• **EXERCISE**
Every line of the records below from the line with "Cm Bois Et Habitat" up to and including the line with "03.10.2025 - Köhlbrandbrückenlauf" must be reproduced exactly, and no line outside that range.

• **GIVEN RECORDS**
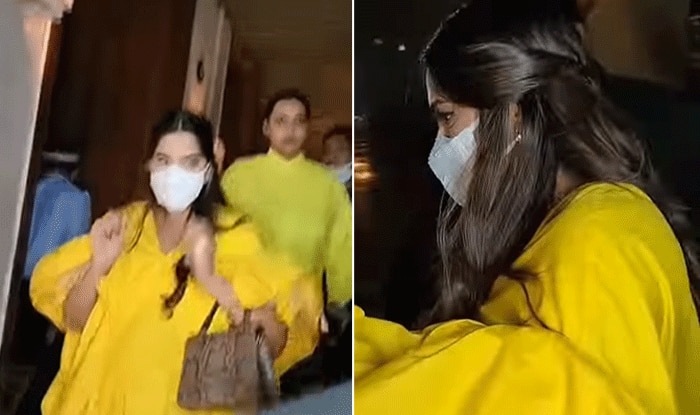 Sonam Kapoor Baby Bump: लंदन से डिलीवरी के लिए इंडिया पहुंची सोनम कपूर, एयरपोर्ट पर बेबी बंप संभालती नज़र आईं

==

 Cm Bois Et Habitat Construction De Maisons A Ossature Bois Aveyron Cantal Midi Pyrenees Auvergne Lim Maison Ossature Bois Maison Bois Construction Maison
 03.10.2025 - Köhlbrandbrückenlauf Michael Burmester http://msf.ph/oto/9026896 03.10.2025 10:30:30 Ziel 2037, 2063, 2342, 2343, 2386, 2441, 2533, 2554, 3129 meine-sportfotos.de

• **OUTPUT BELOW**
 Cm Bois Et Habitat Construction De Maisons A Ossature Bois Aveyron Cantal Midi Pyrenees Auvergne Lim Maison Ossature Bois Maison Bois Construction Maison
 03.10.2025 - Köhlbrandbrückenlauf Michael Burmester http://msf.ph/oto/9026896 03.10.2025 10:30:30 Ziel 2037, 2063, 2342, 2343, 2386, 2441, 2533, 2554, 3129 meine-sportfotos.de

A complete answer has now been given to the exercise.